**PROBLEM STATEMENT:**
Below is a listing from which only part is wanted; return exactly the lines from the one with "Fire icon set. fire vector icon" up to and including the one with "Miniatura 2 de".

**RECORDED INFORMATION:**
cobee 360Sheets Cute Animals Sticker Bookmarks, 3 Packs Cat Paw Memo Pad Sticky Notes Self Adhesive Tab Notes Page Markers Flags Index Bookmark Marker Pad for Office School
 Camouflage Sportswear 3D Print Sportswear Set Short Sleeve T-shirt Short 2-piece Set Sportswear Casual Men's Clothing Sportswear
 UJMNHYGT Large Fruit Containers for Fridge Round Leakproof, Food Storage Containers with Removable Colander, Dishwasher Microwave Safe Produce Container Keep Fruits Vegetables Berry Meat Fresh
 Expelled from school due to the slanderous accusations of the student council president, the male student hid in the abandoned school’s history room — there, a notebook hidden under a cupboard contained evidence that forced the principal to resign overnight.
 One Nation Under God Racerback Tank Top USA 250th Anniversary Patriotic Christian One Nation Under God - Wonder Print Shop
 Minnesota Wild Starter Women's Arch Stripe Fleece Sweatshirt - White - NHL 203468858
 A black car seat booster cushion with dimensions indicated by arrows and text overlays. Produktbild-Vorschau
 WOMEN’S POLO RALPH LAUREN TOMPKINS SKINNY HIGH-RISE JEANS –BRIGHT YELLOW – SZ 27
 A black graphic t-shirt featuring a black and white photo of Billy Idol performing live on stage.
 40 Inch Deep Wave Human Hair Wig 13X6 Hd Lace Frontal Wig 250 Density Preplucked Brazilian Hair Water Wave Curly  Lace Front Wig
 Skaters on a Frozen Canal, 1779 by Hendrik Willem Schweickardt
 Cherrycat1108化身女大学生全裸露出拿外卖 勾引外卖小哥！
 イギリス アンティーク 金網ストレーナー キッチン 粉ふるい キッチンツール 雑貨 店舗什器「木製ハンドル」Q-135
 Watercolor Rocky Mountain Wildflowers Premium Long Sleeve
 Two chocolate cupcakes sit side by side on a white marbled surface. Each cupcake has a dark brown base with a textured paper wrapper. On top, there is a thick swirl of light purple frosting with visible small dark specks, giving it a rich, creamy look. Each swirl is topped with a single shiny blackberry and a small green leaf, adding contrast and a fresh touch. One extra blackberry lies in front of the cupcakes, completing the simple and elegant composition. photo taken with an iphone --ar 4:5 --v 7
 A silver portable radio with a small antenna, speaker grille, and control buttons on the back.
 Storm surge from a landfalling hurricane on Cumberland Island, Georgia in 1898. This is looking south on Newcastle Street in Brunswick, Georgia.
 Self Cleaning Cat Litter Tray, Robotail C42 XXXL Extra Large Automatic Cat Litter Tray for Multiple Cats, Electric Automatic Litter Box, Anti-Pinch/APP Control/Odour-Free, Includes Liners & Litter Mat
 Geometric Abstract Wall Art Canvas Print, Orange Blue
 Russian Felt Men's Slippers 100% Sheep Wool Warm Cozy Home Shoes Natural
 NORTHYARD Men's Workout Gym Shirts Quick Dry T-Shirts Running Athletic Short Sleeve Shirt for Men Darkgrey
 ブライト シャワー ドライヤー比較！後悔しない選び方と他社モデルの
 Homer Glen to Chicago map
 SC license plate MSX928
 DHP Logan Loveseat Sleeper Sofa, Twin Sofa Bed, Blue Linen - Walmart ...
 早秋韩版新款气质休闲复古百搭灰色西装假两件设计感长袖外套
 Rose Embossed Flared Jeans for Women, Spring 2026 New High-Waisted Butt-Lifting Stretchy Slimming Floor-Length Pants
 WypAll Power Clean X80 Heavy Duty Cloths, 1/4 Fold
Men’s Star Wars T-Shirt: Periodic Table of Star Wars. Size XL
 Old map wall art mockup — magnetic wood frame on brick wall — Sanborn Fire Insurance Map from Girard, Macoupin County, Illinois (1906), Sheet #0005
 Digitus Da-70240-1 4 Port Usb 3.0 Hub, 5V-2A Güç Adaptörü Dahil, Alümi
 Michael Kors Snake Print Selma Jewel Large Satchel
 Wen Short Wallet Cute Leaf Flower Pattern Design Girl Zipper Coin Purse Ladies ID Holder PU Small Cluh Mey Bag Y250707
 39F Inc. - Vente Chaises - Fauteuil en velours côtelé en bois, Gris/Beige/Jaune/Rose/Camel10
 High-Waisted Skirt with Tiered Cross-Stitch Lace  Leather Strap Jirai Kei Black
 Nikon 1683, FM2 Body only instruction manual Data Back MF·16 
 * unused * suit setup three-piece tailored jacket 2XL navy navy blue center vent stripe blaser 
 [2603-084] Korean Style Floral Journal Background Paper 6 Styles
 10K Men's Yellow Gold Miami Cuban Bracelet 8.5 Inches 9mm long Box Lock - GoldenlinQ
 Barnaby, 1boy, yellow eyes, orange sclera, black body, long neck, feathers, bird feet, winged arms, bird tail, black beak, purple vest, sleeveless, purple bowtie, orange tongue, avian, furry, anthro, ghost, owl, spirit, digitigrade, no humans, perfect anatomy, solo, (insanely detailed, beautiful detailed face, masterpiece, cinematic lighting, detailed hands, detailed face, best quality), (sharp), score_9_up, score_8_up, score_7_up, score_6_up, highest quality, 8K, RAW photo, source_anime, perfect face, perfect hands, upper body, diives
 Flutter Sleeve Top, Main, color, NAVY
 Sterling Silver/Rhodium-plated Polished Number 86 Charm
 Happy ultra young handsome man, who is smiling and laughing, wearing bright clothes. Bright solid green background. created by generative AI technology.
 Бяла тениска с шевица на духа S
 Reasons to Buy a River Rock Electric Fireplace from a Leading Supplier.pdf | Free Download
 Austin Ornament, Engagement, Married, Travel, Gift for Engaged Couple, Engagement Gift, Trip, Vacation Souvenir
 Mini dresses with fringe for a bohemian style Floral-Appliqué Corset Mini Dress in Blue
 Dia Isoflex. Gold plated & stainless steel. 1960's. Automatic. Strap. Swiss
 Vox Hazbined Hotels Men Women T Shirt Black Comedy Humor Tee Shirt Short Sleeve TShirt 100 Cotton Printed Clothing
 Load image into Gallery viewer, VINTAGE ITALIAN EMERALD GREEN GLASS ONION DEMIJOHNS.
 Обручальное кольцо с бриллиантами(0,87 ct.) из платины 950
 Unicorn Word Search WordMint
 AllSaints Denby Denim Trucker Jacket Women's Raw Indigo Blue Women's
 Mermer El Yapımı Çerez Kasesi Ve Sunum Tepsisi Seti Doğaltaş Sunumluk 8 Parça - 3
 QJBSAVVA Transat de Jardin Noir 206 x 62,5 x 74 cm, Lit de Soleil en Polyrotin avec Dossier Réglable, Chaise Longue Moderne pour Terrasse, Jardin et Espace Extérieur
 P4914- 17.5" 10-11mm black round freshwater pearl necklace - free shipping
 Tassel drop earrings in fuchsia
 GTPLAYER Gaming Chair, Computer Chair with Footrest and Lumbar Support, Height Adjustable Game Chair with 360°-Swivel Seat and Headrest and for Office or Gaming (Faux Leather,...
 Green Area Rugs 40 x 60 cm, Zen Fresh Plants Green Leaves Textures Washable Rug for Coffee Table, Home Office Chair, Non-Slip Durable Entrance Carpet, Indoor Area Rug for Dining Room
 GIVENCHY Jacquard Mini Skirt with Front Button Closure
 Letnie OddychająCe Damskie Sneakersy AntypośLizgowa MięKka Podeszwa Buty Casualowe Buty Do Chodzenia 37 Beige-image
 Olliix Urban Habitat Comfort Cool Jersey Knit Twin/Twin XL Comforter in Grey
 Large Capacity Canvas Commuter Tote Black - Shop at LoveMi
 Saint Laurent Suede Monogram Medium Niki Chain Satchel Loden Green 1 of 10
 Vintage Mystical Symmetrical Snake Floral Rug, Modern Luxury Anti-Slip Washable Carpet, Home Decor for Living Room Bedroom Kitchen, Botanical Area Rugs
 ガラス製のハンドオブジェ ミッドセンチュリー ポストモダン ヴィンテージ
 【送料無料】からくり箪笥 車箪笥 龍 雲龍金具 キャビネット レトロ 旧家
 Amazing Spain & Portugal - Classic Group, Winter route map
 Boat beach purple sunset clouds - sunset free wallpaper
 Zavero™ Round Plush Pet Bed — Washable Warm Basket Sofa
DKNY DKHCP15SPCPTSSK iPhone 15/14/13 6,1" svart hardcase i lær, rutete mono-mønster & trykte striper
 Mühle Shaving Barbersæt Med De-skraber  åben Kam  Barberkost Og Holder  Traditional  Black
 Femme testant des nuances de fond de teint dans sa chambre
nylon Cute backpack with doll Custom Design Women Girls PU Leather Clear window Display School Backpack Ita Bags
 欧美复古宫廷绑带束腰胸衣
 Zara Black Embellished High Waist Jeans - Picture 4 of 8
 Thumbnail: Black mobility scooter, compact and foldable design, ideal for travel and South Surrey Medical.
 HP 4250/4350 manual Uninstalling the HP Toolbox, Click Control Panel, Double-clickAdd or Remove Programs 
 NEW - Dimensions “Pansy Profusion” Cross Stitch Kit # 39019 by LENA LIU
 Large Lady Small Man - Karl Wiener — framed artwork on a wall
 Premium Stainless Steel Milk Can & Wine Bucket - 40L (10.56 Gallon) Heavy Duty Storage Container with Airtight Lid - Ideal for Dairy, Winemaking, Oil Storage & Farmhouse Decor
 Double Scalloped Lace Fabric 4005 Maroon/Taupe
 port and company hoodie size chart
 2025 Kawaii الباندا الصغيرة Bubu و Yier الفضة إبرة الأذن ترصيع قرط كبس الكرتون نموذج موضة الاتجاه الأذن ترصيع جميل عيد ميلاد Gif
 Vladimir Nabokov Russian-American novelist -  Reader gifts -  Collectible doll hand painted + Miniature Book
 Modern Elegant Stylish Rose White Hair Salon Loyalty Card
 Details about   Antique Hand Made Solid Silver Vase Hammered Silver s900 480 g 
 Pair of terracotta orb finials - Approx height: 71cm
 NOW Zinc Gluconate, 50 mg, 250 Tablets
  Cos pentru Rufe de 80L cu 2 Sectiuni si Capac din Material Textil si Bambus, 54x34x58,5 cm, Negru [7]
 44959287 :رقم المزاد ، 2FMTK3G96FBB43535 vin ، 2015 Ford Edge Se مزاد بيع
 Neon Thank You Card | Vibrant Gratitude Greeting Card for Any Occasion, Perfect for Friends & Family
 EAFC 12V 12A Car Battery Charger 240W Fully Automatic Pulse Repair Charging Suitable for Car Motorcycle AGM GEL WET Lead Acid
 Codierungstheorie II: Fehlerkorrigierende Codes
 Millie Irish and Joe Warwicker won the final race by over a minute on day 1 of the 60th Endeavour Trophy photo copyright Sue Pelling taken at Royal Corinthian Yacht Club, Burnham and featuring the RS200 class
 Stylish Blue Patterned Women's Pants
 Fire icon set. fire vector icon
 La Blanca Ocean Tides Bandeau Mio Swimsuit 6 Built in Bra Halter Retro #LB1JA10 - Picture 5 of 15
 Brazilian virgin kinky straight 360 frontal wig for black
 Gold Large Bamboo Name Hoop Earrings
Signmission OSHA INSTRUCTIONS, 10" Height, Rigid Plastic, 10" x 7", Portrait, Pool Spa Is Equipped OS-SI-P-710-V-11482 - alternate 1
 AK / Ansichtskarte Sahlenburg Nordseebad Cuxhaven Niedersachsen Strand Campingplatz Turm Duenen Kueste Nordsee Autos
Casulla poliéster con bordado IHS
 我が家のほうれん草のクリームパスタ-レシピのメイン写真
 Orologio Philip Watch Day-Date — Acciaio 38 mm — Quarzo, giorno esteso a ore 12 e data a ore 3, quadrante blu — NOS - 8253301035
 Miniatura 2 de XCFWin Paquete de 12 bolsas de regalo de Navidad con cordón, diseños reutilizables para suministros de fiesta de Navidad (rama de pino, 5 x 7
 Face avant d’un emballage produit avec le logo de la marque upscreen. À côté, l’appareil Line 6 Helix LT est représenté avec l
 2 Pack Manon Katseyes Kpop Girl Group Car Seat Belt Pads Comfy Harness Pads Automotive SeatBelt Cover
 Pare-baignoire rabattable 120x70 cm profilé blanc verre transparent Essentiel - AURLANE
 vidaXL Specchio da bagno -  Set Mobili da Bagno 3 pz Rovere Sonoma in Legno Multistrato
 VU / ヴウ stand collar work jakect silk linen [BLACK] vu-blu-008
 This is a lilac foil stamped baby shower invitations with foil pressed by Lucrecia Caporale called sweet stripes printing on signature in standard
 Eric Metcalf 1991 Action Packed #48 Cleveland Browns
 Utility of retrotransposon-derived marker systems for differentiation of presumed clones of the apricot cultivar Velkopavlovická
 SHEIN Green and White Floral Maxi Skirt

**RESULT OF THIS EXERCISE:**
 Fire icon set. fire vector icon
 La Blanca Ocean Tides Bandeau Mio Swimsuit 6 Built in Bra Halter Retro #LB1JA10 - Picture 5 of 15
 Brazilian virgin kinky straight 360 frontal wig for black
 Gold Large Bamboo Name Hoop Earrings
Signmission OSHA INSTRUCTIONS, 10" Height, Rigid Plastic, 10" x 7", Portrait, Pool Spa Is Equipped OS-SI-P-710-V-11482 - alternate 1
 AK / Ansichtskarte Sahlenburg Nordseebad Cuxhaven Niedersachsen Strand Campingplatz Turm Duenen Kueste Nordsee Autos
Casulla poliéster con bordado IHS
 我が家のほうれん草のクリームパスタ-レシピのメイン写真
 Orologio Philip Watch Day-Date — Acciaio 38 mm — Quarzo, giorno esteso a ore 12 e data a ore 3, quadrante blu — NOS - 8253301035
 Miniatura 2 de XCFWin Paquete de 12 bolsas de regalo de Navidad con cordón, diseños reutilizables para suministros de fiesta de Navidad (rama de pino, 5 x 7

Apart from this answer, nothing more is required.